His remarks come at a time when some of his professional colleagues have been taking a different tack — including people like Dr. Tom Frieden, former director of the US Centers for Disease Control and Prevention. Experts like him talk about all this within the context of a risk trade-off, suggesting that there are ways to protest and still minimize your risk of exposure to COVID-19:
The threat to Covid control from protesting outside is tiny compared to the threat to Covid control created when governments act in ways that lose community trust. People can protest peacefully AND work together to stop Covid. Violence harms public health.
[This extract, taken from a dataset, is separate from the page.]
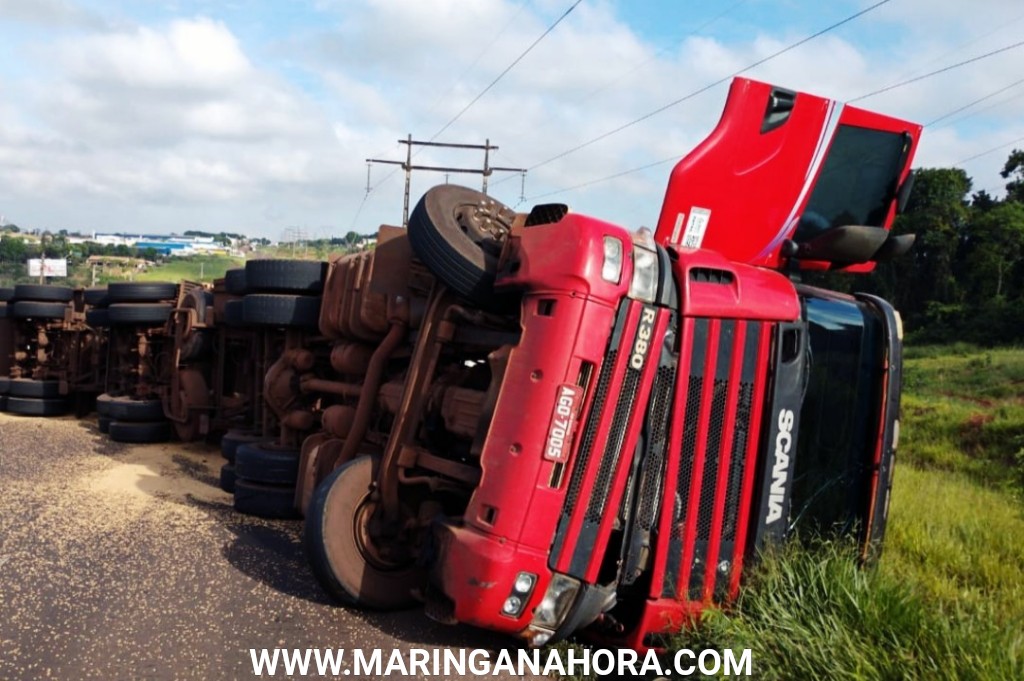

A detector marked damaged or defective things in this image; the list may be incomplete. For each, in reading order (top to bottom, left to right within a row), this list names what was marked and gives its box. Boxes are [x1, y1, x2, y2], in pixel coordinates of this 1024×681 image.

— Dr. Tom Frieden (@DrTomFrieden) June 2, 2020
Similarly, here’s the former public health epidemiologist for New York City:
We should always evaluate the risks and benefits of efforts to control the virus. In this moment the public health risks of not protesting to demand an end to systemic racism greatly exceed the harms of the virus. https://t.co/s9DagyjQ1J
— Jennifer Nuzzo, DrPH (@JenniferNuzzo) June 2, 2020
Dr. Fauci, who serves as director of the National Institute of Allergy and Infectious Diseases, has previously acknowledged the reality that the coronavirus pandemic is having a disproportionate effect on black communities and families. That forms the backdrop for his latest comments about the “difficult situation” that protestors find themselves in. In short, if you’re going to attend a protest, he stresses that a face mask should be worn at all times, at a minimum.
“We have the right to peaceably demonstrate,” he said, “and the demonstrators are exercising that right … it’s important to exercise your constitutional rights to be able to demonstrate, but it’s a delicate balance, because the reasons for demonstrating are valid. And yet, the demonstration itself puts one at an additional risk.”